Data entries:
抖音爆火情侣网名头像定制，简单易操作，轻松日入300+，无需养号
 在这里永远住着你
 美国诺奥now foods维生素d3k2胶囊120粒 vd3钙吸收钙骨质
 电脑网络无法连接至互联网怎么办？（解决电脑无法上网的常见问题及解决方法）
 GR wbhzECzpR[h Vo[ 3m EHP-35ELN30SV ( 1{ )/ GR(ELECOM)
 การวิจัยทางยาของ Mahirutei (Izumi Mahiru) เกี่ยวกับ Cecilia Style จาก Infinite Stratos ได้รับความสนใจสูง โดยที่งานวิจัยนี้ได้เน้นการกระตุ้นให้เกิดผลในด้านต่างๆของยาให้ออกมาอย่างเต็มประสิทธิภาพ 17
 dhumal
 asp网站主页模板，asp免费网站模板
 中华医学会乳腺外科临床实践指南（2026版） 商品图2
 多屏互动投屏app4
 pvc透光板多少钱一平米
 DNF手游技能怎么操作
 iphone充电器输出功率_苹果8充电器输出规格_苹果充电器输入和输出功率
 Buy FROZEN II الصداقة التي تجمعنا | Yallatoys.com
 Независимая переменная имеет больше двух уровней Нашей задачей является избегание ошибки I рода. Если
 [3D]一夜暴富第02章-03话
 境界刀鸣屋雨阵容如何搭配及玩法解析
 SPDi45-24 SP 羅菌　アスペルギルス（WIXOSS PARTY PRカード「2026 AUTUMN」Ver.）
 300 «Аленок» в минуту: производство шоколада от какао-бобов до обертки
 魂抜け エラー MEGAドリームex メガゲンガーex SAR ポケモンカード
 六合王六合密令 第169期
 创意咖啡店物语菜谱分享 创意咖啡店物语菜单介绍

* _EXERCISE AIM_:
Could you retype exactly the lines above, starting at the line that contains "GR wbhzECzpR[h Vo[ 3m" and ending at the line that contains "DNF手游技能怎么操作", and nothing more?

* _RESULT BELOW_:
 GR wbhzECzpR[h Vo[ 3m EHP-35ELN30SV ( 1{ )/ GR(ELECOM)
 การวิจัยทางยาของ Mahirutei (Izumi Mahiru) เกี่ยวกับ Cecilia Style จาก Infinite Stratos ได้รับความสนใจสูง โดยที่งานวิจัยนี้ได้เน้นการกระตุ้นให้เกิดผลในด้านต่างๆของยาให้ออกมาอย่างเต็มประสิทธิภาพ 17
 dhumal
 asp网站主页模板，asp免费网站模板
 中华医学会乳腺外科临床实践指南（2026版） 商品图2
 多屏互动投屏app4
 pvc透光板多少钱一平米
 DNF手游技能怎么操作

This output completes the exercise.